It isn't really. But, before accepting any argument that further cuts in housing benefit entitlement is the way to go it is worth taking a look at how housing benefit spending got to its present level and alternative options for reducing it.

As David Cameron pointed out, despite everything the government has done so far, benefits still make up nearly a third of public spending. No strategy to reduce the deficit can ignore them. Partly they are so high, of course, because Britain remains in the grip of recession; the economic projections which underpinned the coalition's original deficit reduction strategy have turned out to be hopelessly optimistic.

Tax revenue is lower and out-of-work benefits higher than expected. If short term deficit reduction remains the government's objective, more cuts are needed. Benefit spending appeals to many as a more attractive place to look for them than education or the NHS.

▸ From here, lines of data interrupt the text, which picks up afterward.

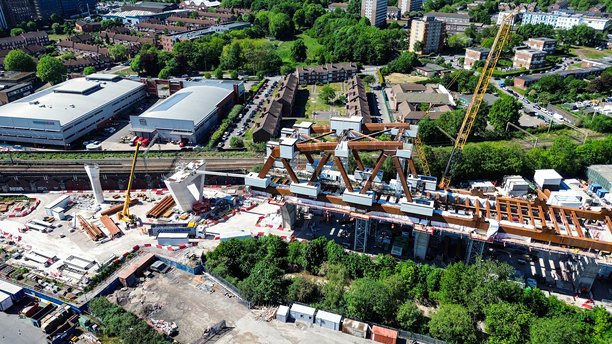 无人机从空中拍摄的英国HS2建筑工地照片，地点在伯明翰图片下载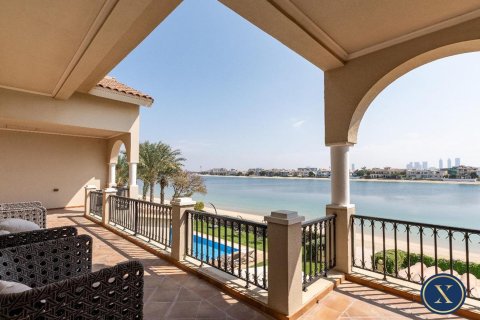Villa in Palm Jumeirah, Dubai 6 bedrooms, 650 sq.m. № 46260 - photo 22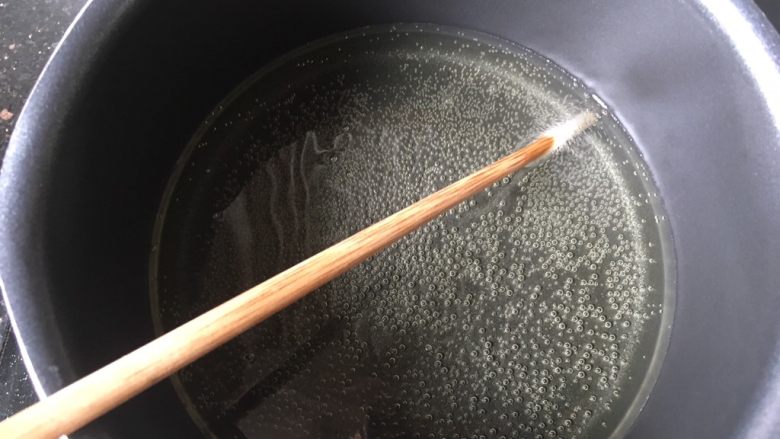 红薯芝麻球,锅里热油,筷子下去冒小泡说明火可以了,改中小火,要不容易焦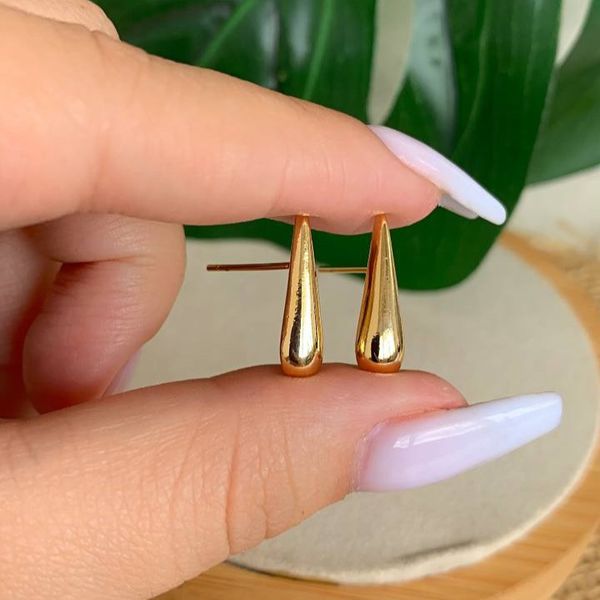 Brinco formato gota liso 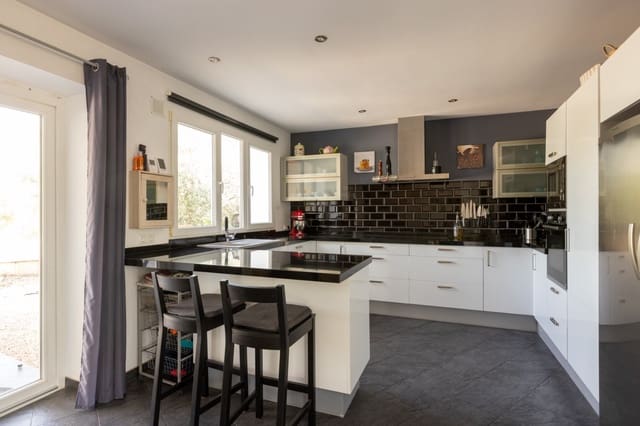 5 chambre Villa/Maison à vendre à Biar avec piscine - 499 000 € (Ref: 8371964)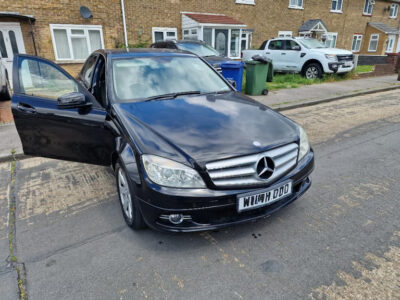 MERCEDES C200 SE CDI A Engine Size 2.1 Litres Fuel DIESEL Body 4 DOOR SALOON Transmission AUTOMATIC Seats 5 Colour BLACK Reg Date 01/09/2009 Mileage: 174200 Reg WU59PZO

Housing costs have always been a bit of an anomaly in the benefits system, partly because they are too variable to be subsumed under a general benefit payment but too important to be ignored, and partly because government has always had two options in relation to help with rent - pay benefit or intervene directly to influence rents.

For much of the 20th century, private sector rents were limited by legislation, and council rents were much lower in real terms than they are today. In the 1970s, for example, the government spent four times as much subsidising an annual house-building programme of 100,000 council homes as it did on housing benefits.

The dramatic rise in housing benefit spending over the last thirty years has been a deliberate creation of government policies aimed to revive the private rented sector and shift the focus of public housing subsidy from bricks and mortar to means-tested benefits.

Current public spending plans provide £4.5 billion for affordable housing, but £95 billion for housing benefit. Cuts in housing benefit spending do not have to be delivered by reducing entitlement; the alternative remains of looking to influence the housing costs that households on low incomes face.

Even if reintroduction of rent controls in the private rented sector is judged unattractive or unworkable, the provision of additional social housing at sub-market rents - social or affordable - would help reduce the overall benefits bill to the extent that it provided opportunities for low-income households who would otherwise rent privately. These potential savings should be factored into the calculation of the public sector costs of a new social housebuilding programme.

In a report published last week the Institute for Public Policy Research made the interesting suggestion of devolving the whole system of housing support to local government, making them responsible for administering an affordable housing grant which could be allocated as locally judged best between bricks and mortar and benefits, and between the social and private sectors. It is an idea worth thinking about.